We act, we think, rationally. But our thoughts are subject to manipulation: by new ideas, new experiences, psychoactive drugs, and … parasites.

Parasites are organisms that take up residence in a host, and then proceed to use the host’s energy to replicate themselves and spread. If the host is killed as part of the process, then the parasite must find some way to leapfrog into another host’s body, or else it will die when the host does. When the method involves the host dying, something that the host is probably not very keen to do, the parasite must change the host’s behavior, making it take risks that are laser-focused at increasing the parasite’s chances of dissemination. Other behaviors are less an existential risk for the host and may cause them to sneeze or bite or defecate, placing the parasite in a position to infect a new host.

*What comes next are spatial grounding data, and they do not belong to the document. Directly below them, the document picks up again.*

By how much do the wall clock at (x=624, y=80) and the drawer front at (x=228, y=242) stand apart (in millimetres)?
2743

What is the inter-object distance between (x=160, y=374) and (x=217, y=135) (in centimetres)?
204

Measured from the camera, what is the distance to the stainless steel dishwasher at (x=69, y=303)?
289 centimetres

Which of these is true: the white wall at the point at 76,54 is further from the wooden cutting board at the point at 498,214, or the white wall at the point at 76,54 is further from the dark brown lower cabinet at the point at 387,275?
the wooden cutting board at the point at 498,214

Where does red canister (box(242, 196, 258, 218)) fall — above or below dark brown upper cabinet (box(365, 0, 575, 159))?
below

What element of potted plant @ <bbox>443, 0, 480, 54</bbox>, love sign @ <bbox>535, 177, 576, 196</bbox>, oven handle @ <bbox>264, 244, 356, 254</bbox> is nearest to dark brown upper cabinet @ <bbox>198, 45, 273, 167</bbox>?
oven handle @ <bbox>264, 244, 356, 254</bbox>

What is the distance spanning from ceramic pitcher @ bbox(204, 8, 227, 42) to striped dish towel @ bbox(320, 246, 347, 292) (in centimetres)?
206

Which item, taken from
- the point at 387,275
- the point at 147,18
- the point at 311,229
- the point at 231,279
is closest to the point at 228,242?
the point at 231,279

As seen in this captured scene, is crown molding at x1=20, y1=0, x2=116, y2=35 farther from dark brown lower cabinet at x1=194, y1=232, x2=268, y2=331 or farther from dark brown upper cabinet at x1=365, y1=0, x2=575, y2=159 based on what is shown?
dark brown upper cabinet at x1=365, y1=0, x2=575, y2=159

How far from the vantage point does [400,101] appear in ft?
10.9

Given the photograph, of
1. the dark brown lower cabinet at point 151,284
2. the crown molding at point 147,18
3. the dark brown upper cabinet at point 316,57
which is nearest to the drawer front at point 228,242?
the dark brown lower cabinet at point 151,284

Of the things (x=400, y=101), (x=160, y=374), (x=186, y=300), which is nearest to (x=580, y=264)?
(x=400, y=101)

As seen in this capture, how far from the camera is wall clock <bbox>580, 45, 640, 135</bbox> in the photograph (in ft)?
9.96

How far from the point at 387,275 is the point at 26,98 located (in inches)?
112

How to manipulate? Animal minds are a collection of neurons that communicate using chemical signals called neurotransmitters. A single neuron is a cell, a ganglion is a cluster of neurons, and a brain is just a larger cluster. All of them talk through chemical signals. A parasite needs only to control the signalling to manipulate the brain and the behavior. It is not as if the parasite knowingly targets a specific behavior; the process of evolution means that many hundreds or even thousands of parasites infecting a host may produce slightly variable signals targeted to slightly different areas of the host’s brain.

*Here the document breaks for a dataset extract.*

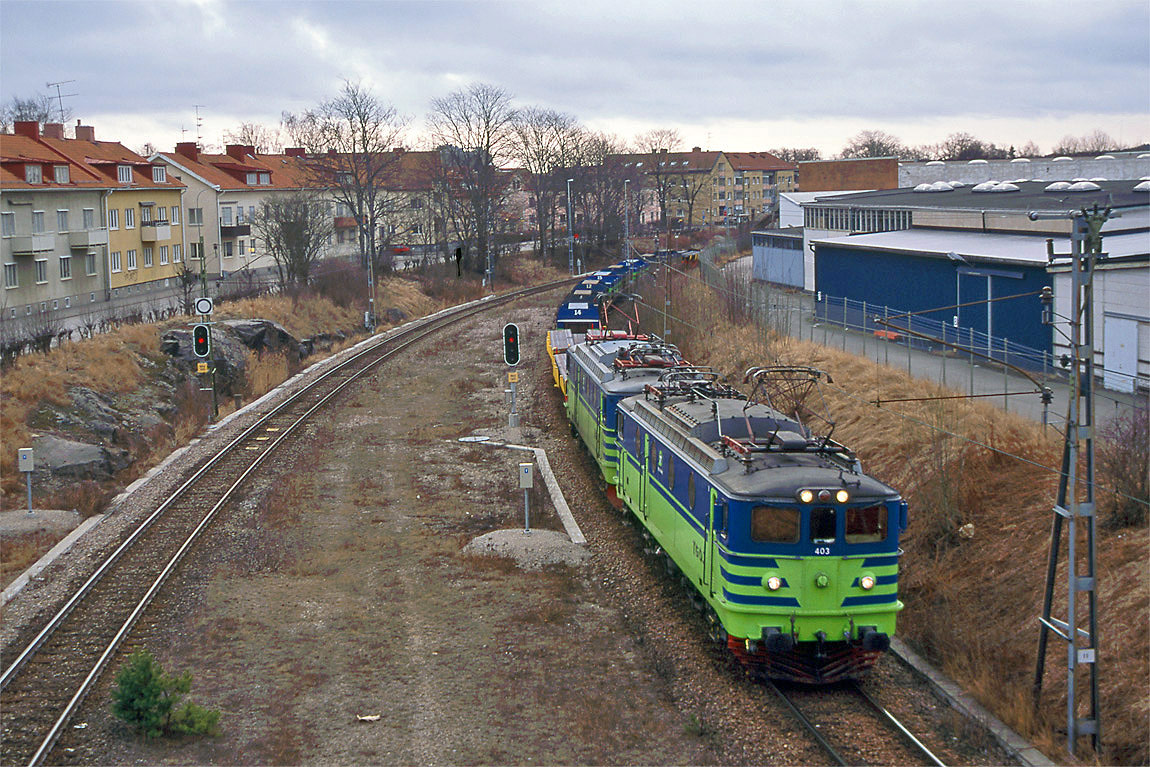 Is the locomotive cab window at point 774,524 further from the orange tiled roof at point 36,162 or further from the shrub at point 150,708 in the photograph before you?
the orange tiled roof at point 36,162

Only the parasites that unknowingly produce an effective signal will survive, but, and here is the key to success: the offspring of parasites that succeed will inherit that signal from their successful parents. Sequential rounds of what Darwin termed “natural selection” will finesse the parasite-host relationship to optimize the parasite’s control of host behavior. Just because we are seeing the results of thousands of generations of selections doesn’t mean that the parasite started off with such exquisite manipulation of host behavior. It would be the same as looking at a high-performance car like a Lamborghini, and thinking that it had just sprung into existence in a single step. It wouldn’t be true: cars started off a slow and inefficient jalopies, and were honed to better performance through many iterations and design modifications; so are parasites that control minds. Another thing: it’s not only animals with neurons that can be manipulated. Evidence shows that plants can be manipulated by plant parasites as effectively as animals can be manipulated. In this article, I will survey some of the more outlandish examples of parasitic manipulation of hosts.

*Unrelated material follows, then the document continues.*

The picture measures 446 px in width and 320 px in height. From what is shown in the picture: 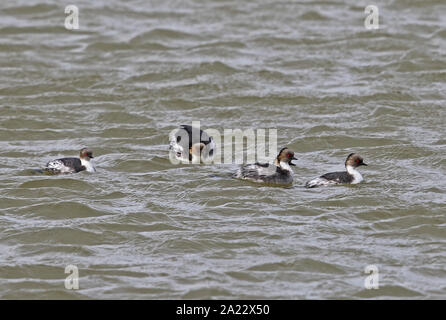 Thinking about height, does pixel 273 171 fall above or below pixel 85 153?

A recent excellent article in Bee Culture by Jay Evans (September 2020 issue, page 36) described many of the parasites that exert such host mind control. Some of the examples Jay described in the article were fungi that cause ants to climb high on a plant and then die, becoming a vessel for the production of spores that rain down on the forest floor and infecting ants that crawl about below; grasshoppers who try briefly and vainly, at the urgings of parasitic hairworms inside them to swim, providing the perfect aquatic environment for the hairworms to emerge and reproduce; the parasite Toxoplasma gondii, which eliminates the natural fear that mice have for cats in which the parasite reproduces. There are a plethora of others not mentioned in the article, probably for lack of space: the rabies virus which causes its host to froth and foam and bite, a bite which transfers rabies virus into new hosts; tapeworm eggs in bird droppings eaten by fish, which grow into adult tapeworms that cause the fish to become reckless and emerge into the open where they immediately get preyed on by birds whose droppings will later contain eggs which will begin the fish-bird infection cycle anew (phew – that was a long sentence); guinea worms which emerge with painful burning from the lower limbs of infected people causing them to seek water bodies to ease the burning, and into which the worm will deposit its eggs to infect future hosts who drink the contaminated water; snails which harbor a parasite that make the snail flash its antennae and attract a bird’s attention to get eaten to complete their life cycle. And many more I don’t have space for in this article…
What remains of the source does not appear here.